Rapider Than Horsepower – This Is My Big Night

5 out of 5

Label: Essay Records

Produced by: Mike Dixon (recorded by)

Everything I could tell you is covered in a much more in-depth review over at cokemachineglow. After I read that, my own opinion just kinda farted out of my head in a frightened defeat, knowing it didn’t have nearly as much to offer. 

I persevere, wondering if approaching This Is My Big Night with an empty head is for the best. Not because it’s senseless / meaningless, but because even with the context of its sister concept album – Stage Fright, Stage Fright – it’s easy to walk into this with some expectations (from that album; from lead Mike Anderson’s Racebannon) as to what this is going to sound like. And it doesn’t not sound like those things, but I was, and am, caught off guard by how it stands wholly on its own as well, as weird and catchy and harsh and silly and awesome as ever. 
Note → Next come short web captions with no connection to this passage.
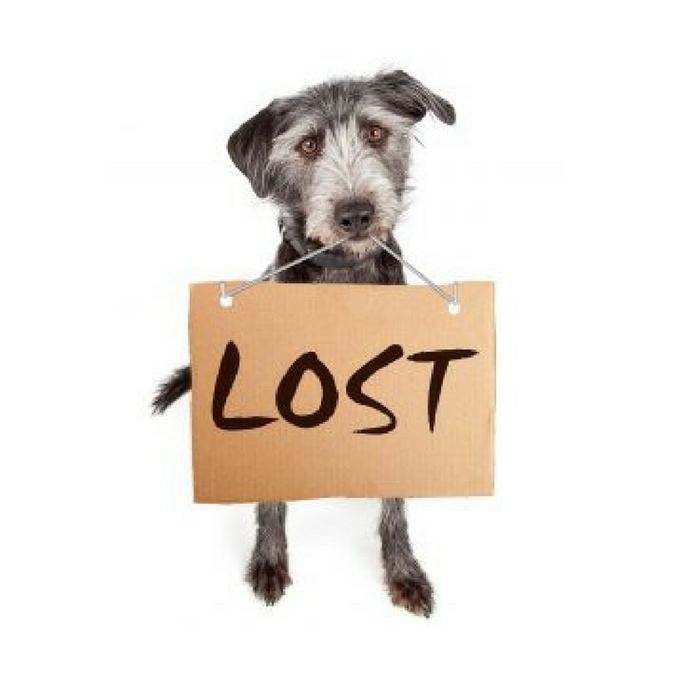 What To Do When You Lose Your Pet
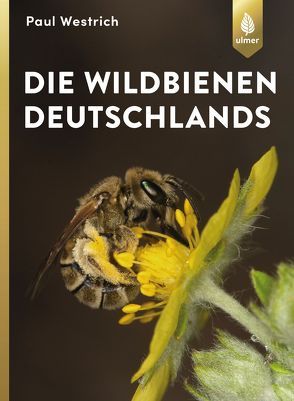 Die Wildbienen Deutschlands von Westrich,  Paul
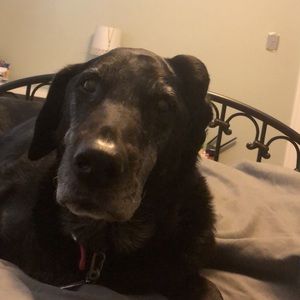 Meet your Posher, Stefanie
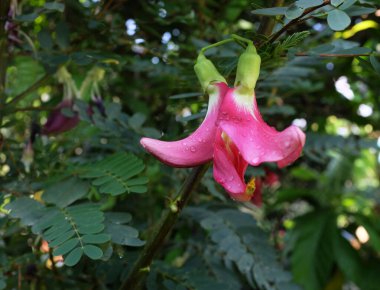 Yaklaş ve üst manzara güzel bir kırmızı çiçek bahçedeki ağaçta asılı. taze organik (sesbania grandiflora), sinekkuşu, sesban, flamingo gagalı küçük bir ağaç türüdür..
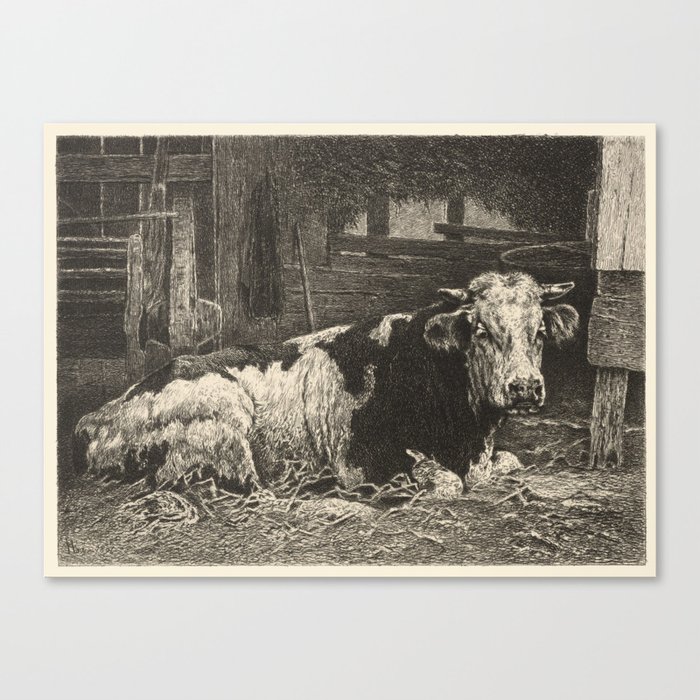 Bull Vintage Illustration Canvas Print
This is the followup to Stage Fright’s setup, though it’s hard to parse what that means, plotwise. The nervy and naive celebration of creativity of that disc seems to blossom into our meandering through the ups and downs of a relative success: questioning self, relationships, and putting on different ‘tudes that suit the moment. But this isn’t the attempted moral tale of Rhonda Delite; This Is My Big Night still shares the upbeat vibe that is RtH’s m.o., but it’s turned into something incredibly focused; just as that previous album seemed to revel in the “discovery” of oneself to an extent, this album is okay with those post-discovery ebbs and flows. They are part and parcel of living a life; This Is My Big Night, perhaps, wants to turn those daily question marks into something more positive. 
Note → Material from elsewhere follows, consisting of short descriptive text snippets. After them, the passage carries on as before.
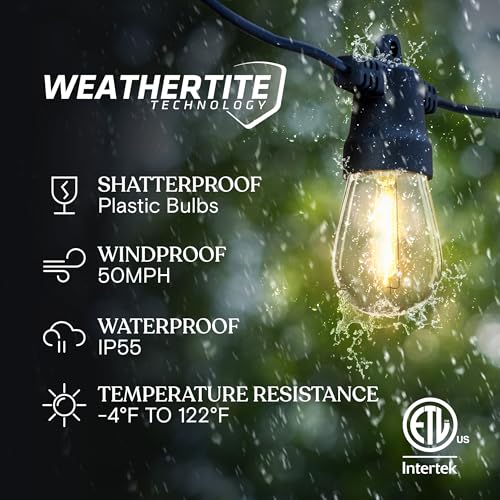Ambience Pro Solar Powered Outdoor String Lights (48 Foot)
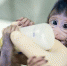 两只克隆猴在中国诞生：世界生命科学重大突破 - 河南频道新闻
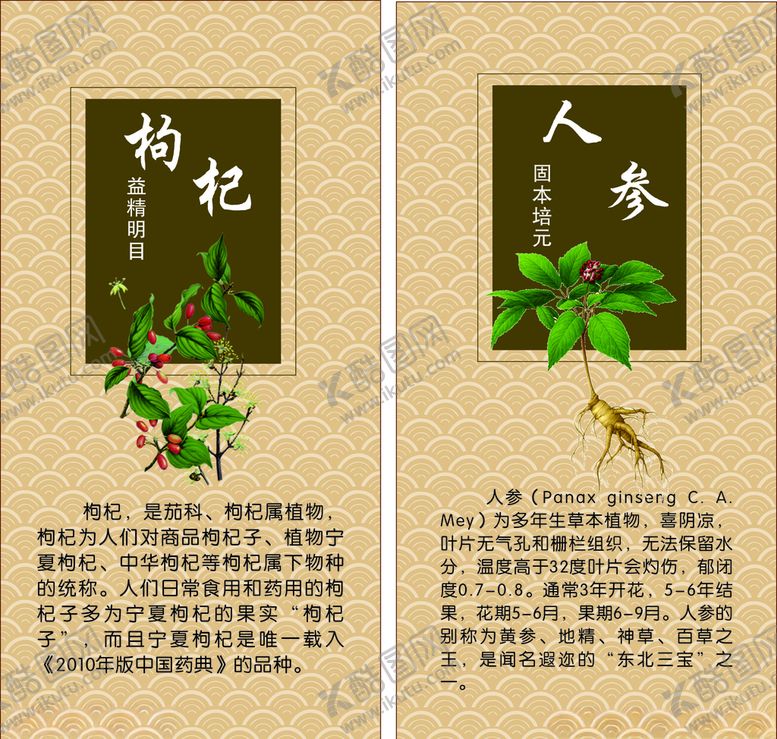 编号：54658607051711304466【酷图网】源文件下载-中药文化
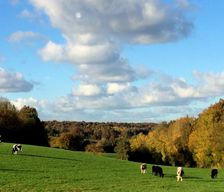 France Normandie Valorbiquet vacation rental compare prices direct by owner 4526346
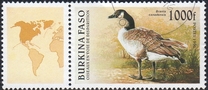 [Birds, type OQ]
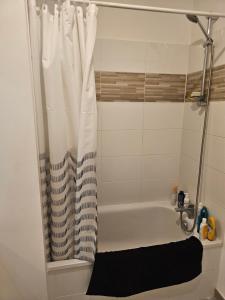 Ένα μπάνιο στο Appartement entier benesse maremne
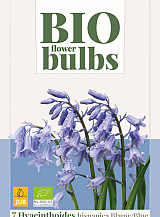X   7 HYACINTHOIDES HISPANICA BLAUW - BIO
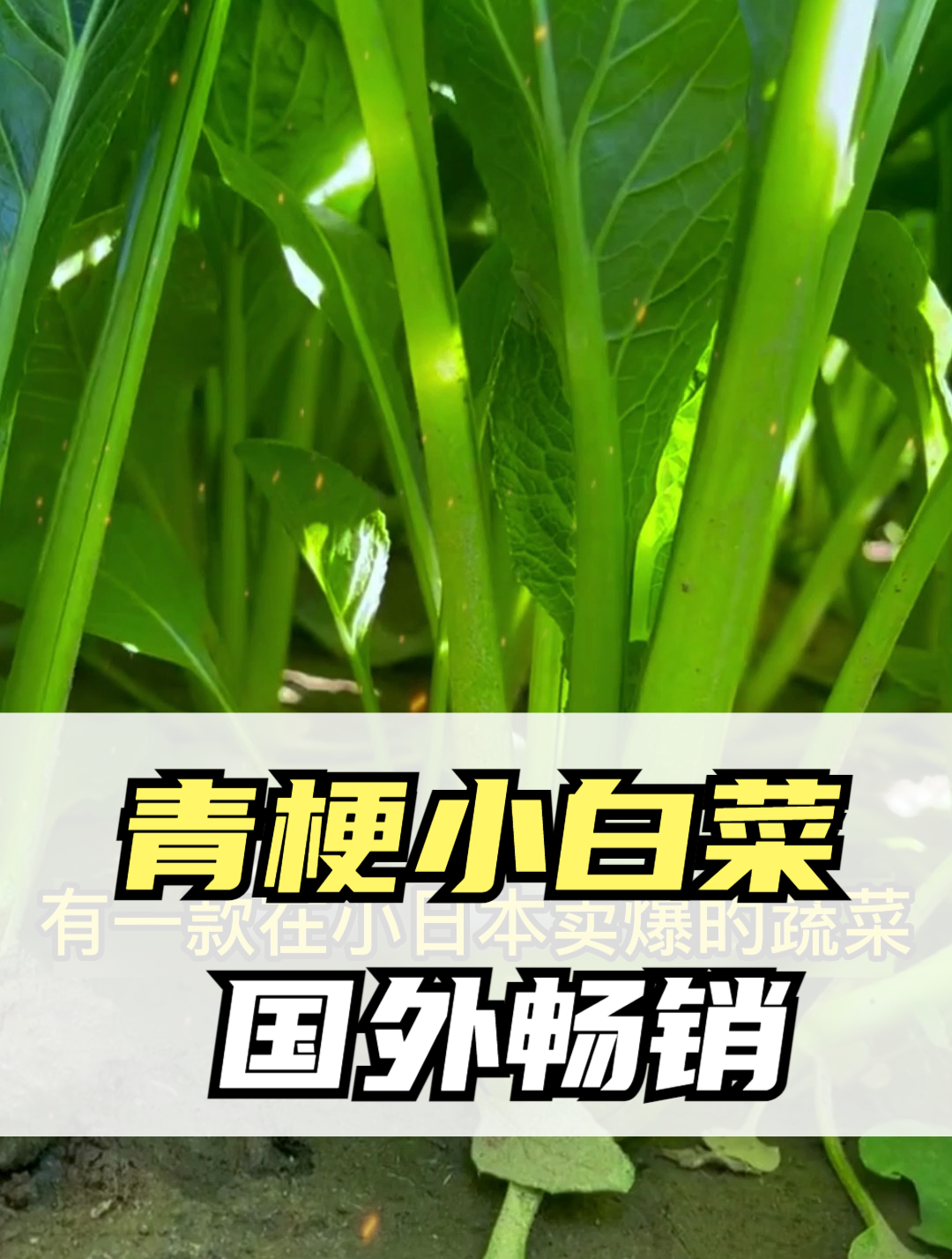 在国外卖爆了的“青梗小白菜”,种植简单,19天就可采收!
Not that this is all hunky dory thumbs up subject matter, though; Anderson’s manic, layered vocals and the impossible criss-cross of clean, half-broken guitar licks – like a pop-ized U.S. Maple – plus the jumpy drumming, and very present production, give the album a dramatic edge, regardless of whether its tone is wholly a happy or melancholy one. 

Ultimately, though, this is kind of my ideal double album concept package: each disc stands alone, but complements the other – some riffs and themes are lifted from Stage Fright – while also allowing for a sense of a journey to emerge as you go through both discs.  

You could easily circle back around to Stage Fright’s relative doubts after this, making for quite an emotional cycle, but regardless of how often I have done exactly that, the energy and ferocity and yet somehow delicate nature of this disc never fails to surprise, or make me smile.